* _WHAT THIS TASK INVOLVES_: Reproduce word for word the lines between the one containing "WILLOW WOODS - Residential Lease" and the end of the entries below, both inclusive; leave out pictures.

[Records drawn from a dataset]
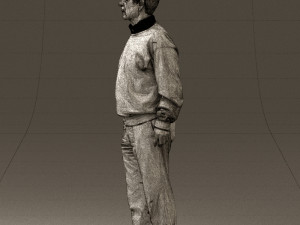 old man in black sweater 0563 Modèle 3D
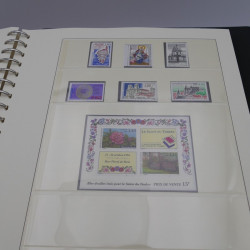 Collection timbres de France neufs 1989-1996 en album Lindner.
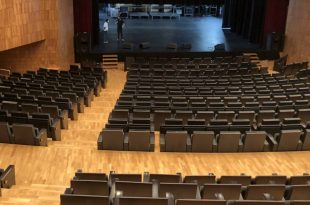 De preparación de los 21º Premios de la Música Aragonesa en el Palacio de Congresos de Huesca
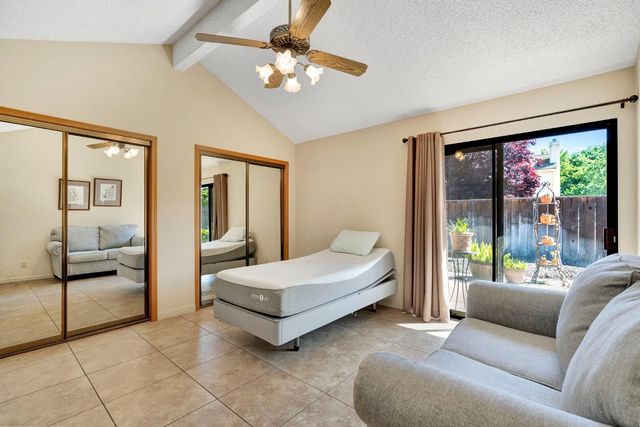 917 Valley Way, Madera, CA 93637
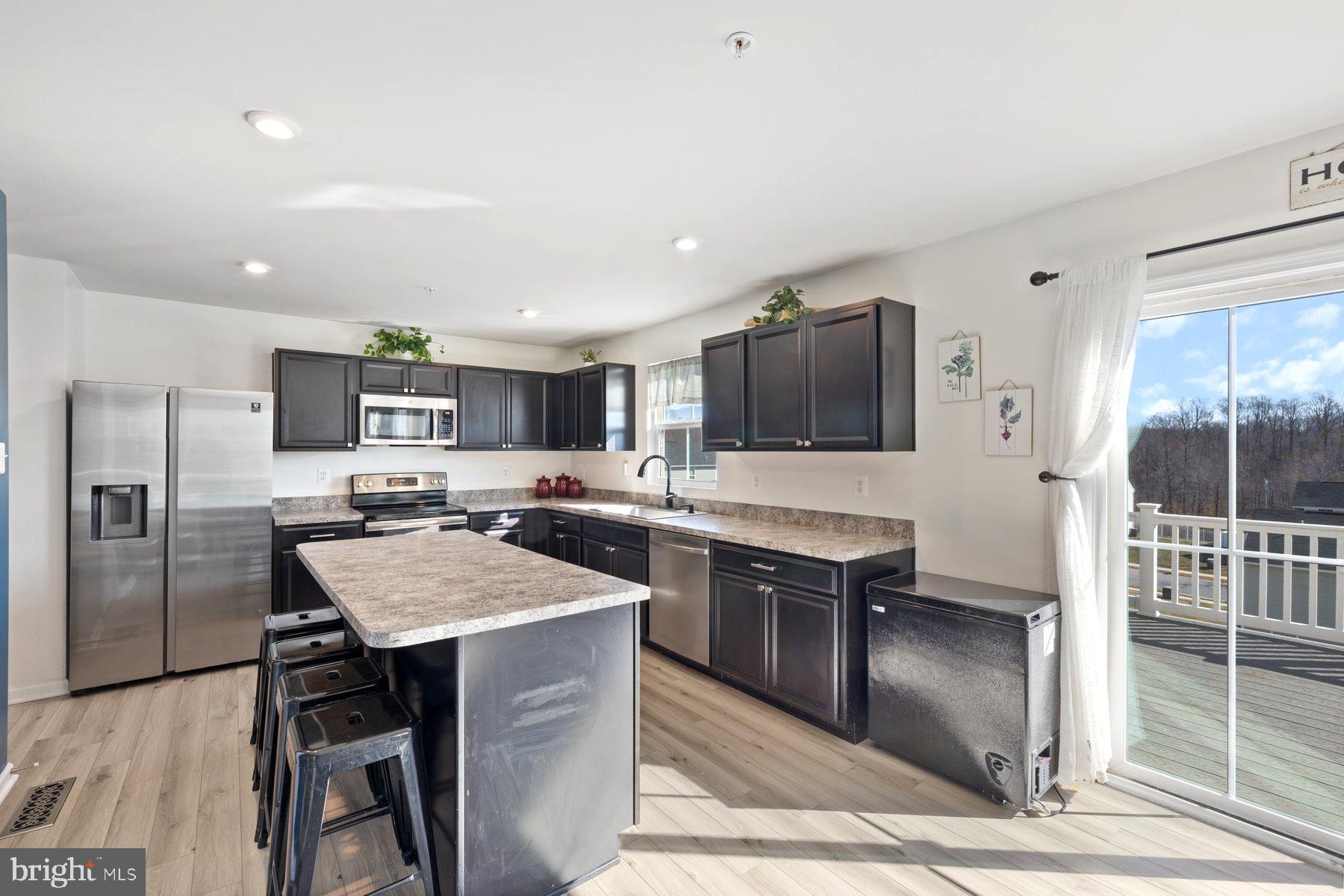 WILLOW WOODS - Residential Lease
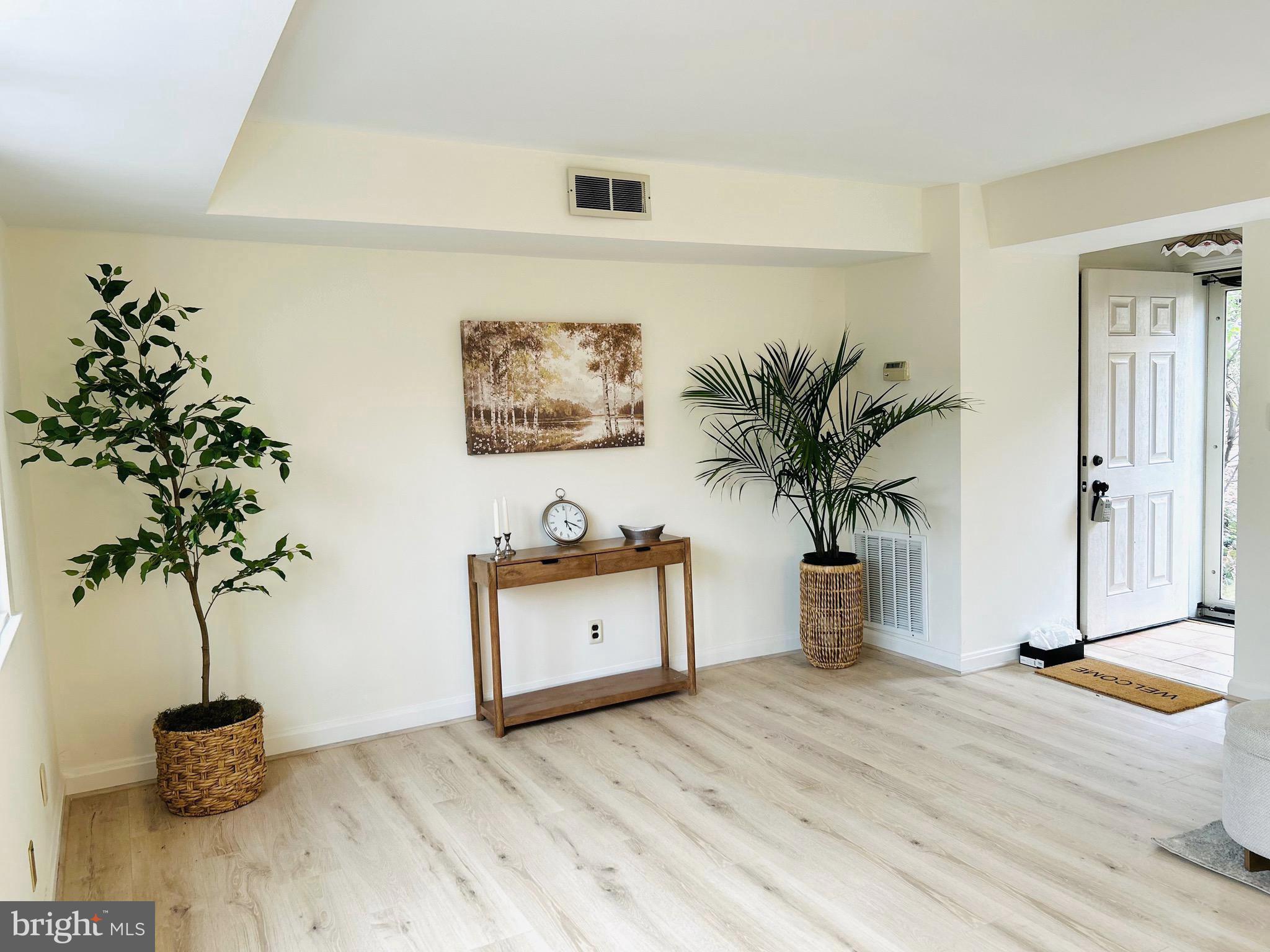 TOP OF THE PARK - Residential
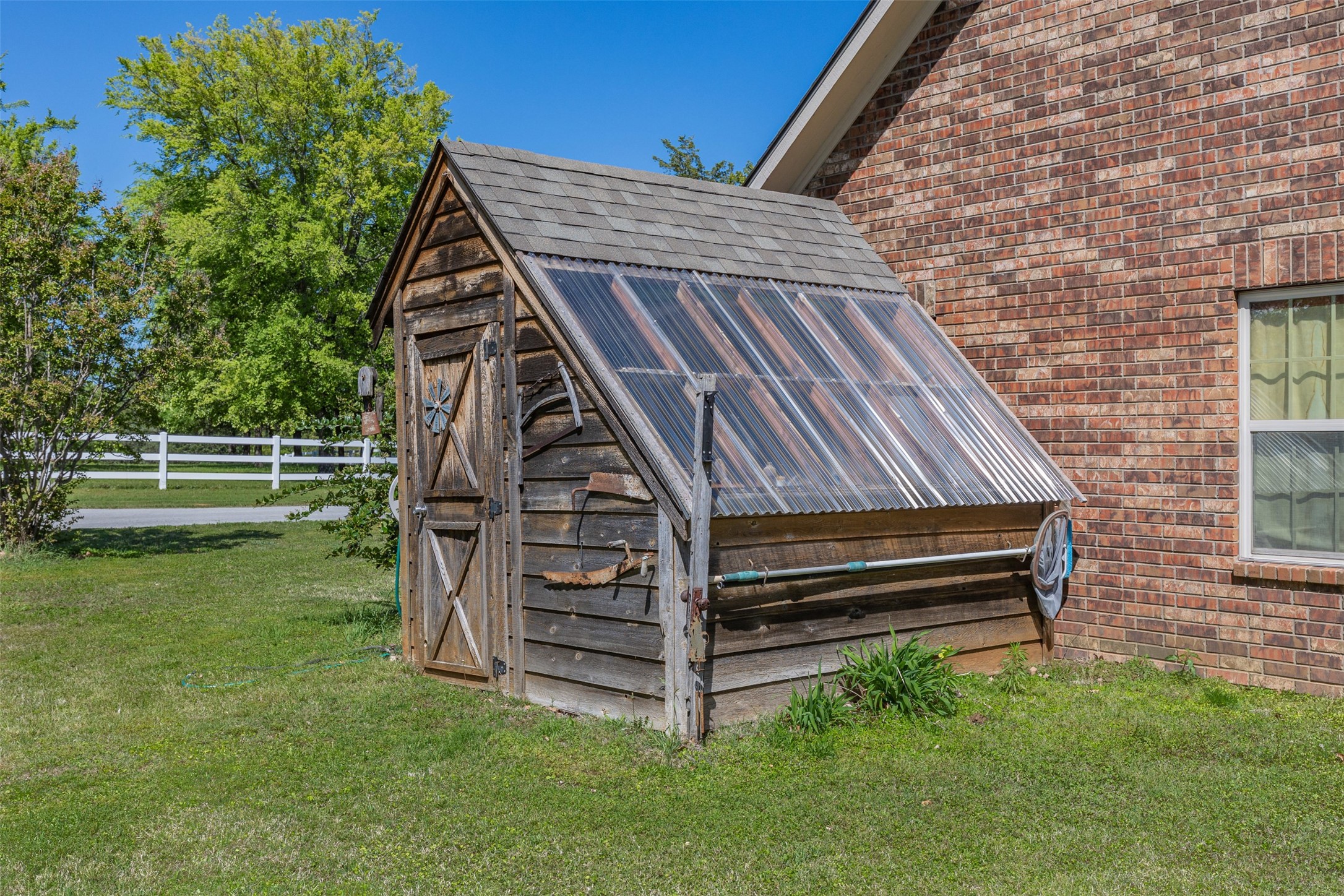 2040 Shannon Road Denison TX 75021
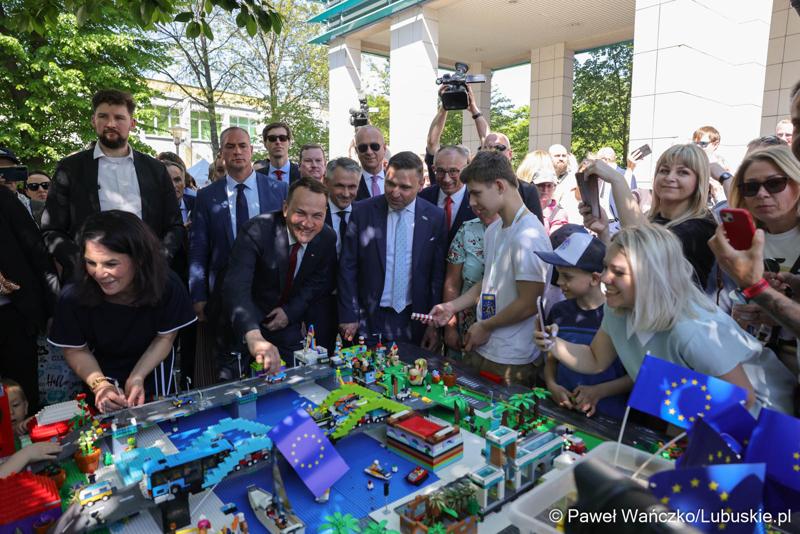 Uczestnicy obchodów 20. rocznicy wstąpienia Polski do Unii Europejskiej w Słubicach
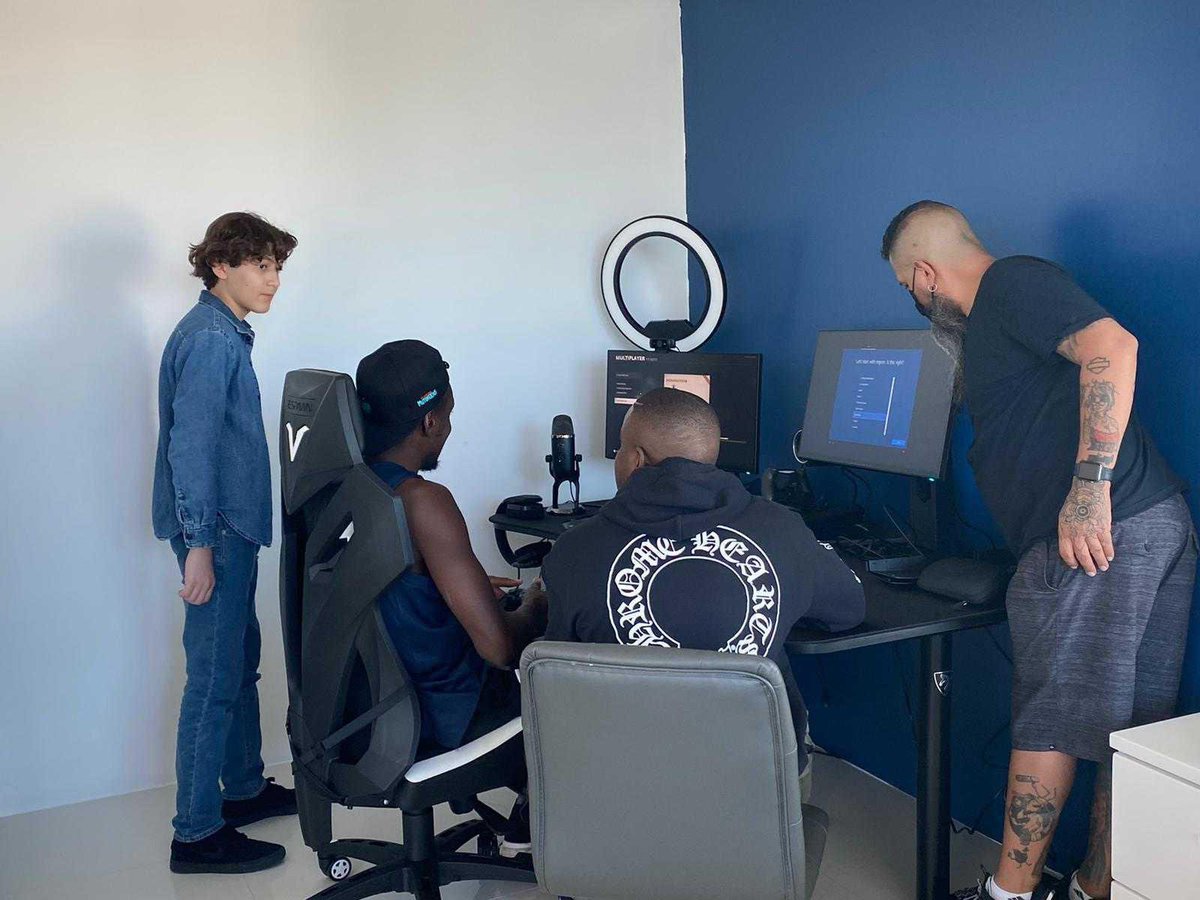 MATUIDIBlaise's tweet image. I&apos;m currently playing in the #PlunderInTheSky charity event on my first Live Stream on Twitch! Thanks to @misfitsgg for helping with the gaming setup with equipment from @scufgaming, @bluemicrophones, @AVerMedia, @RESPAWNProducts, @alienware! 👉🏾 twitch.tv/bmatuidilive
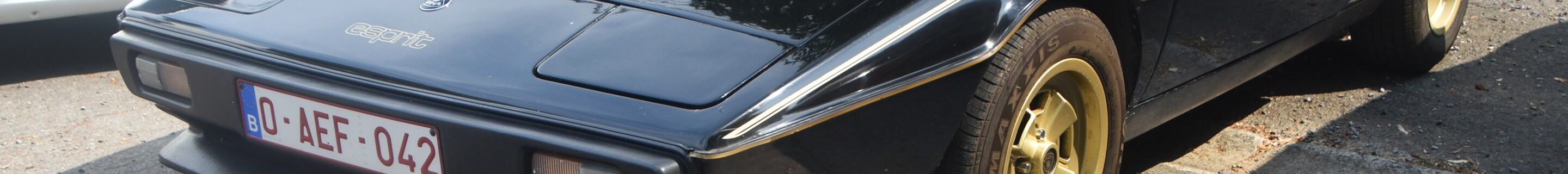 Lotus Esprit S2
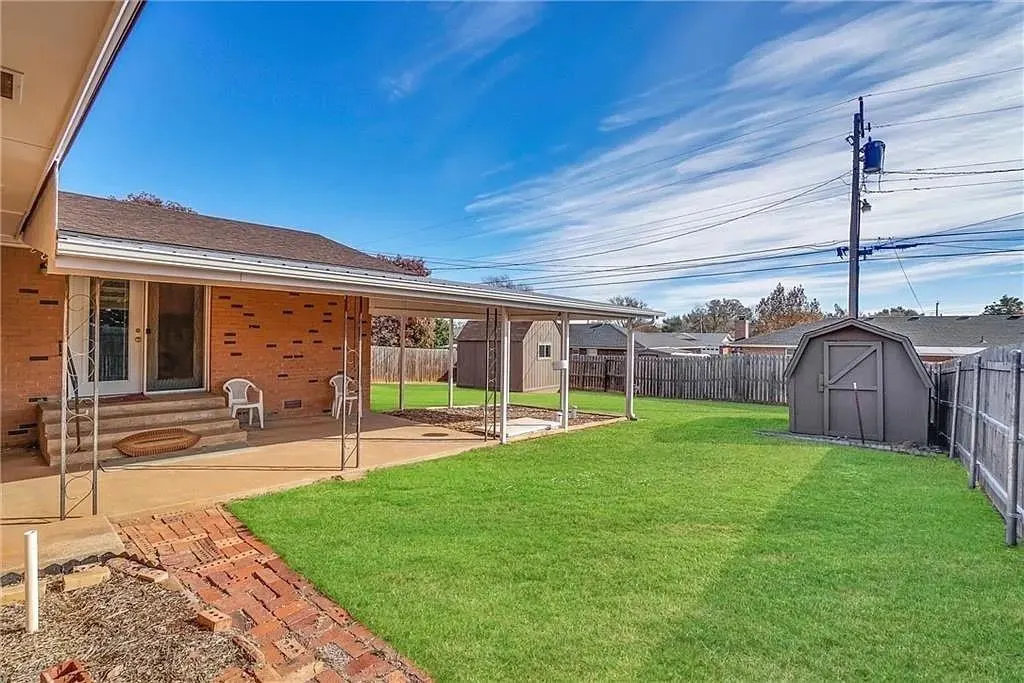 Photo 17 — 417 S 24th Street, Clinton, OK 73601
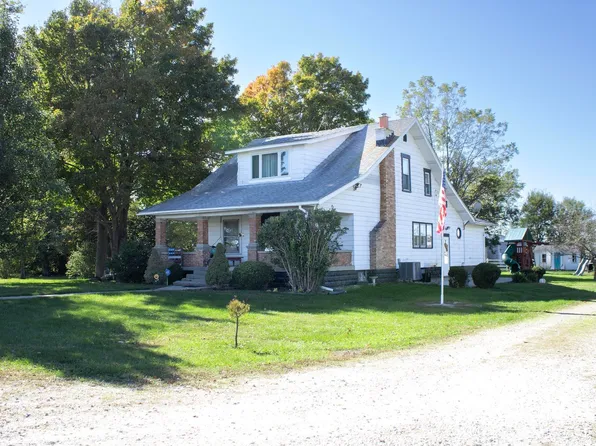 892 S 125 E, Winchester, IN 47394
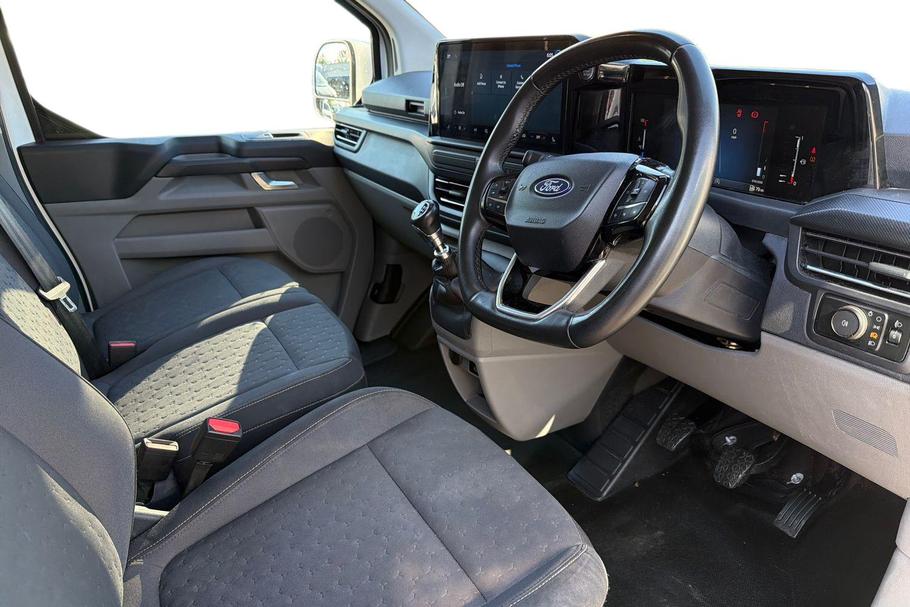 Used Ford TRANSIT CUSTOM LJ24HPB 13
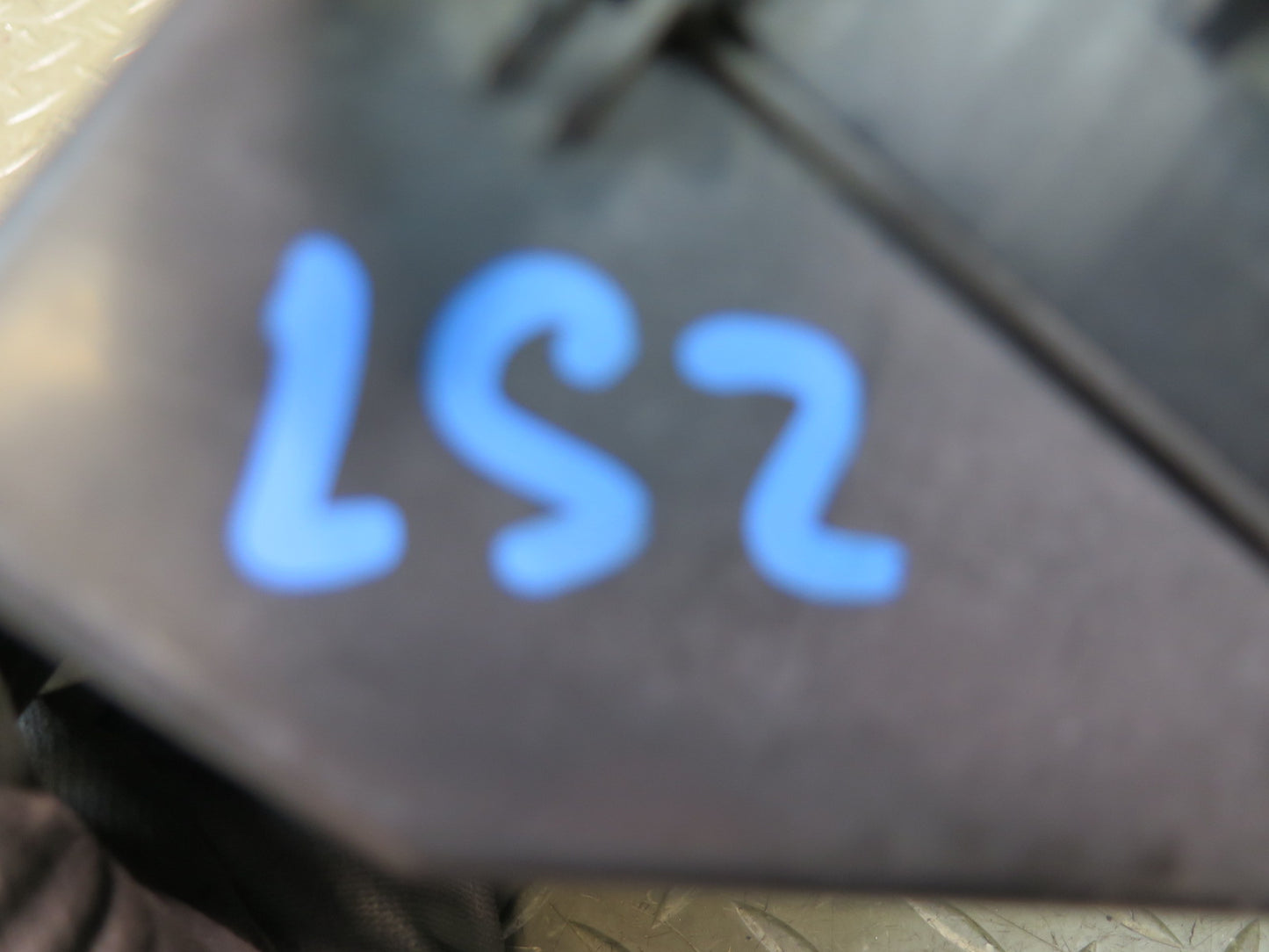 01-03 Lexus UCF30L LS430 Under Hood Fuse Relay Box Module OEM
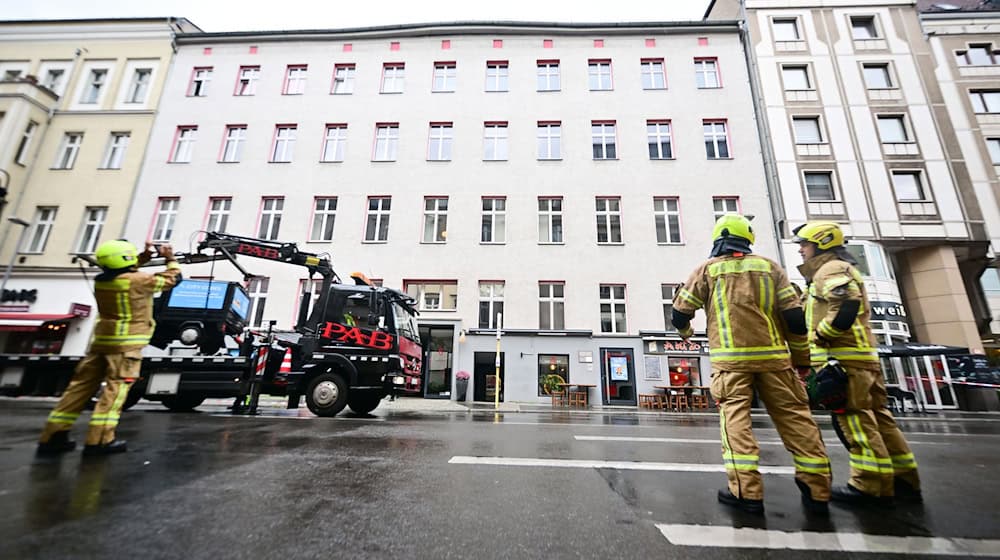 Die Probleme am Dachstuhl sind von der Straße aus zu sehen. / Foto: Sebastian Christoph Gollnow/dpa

* _ANSWER BOX_:
 WILLOW WOODS - Residential Lease
 TOP OF THE PARK - Residential
 2040 Shannon Road Denison TX 75021
 Uczestnicy obchodów 20. rocznicy wstąpienia Polski do Unii Europejskiej w Słubicach
 MATUIDIBlaise's tweet image. I&apos;m currently playing in the #PlunderInTheSky charity event on my first Live Stream on Twitch! Thanks to @misfitsgg for helping with the gaming setup with equipment from @scufgaming, @bluemicrophones, @AVerMedia, @RESPAWNProducts, @alienware! 👉🏾 twitch.tv/bmatuidilive
 Lotus Esprit S2
 Photo 17 — 417 S 24th Street, Clinton, OK 73601
 892 S 125 E, Winchester, IN 47394
 Used Ford TRANSIT CUSTOM LJ24HPB 13
 01-03 Lexus UCF30L LS430 Under Hood Fuse Relay Box Module OEM
 Die Probleme am Dachstuhl sind von der Straße aus zu sehen. / Foto: Sebastian Christoph Gollnow/dpa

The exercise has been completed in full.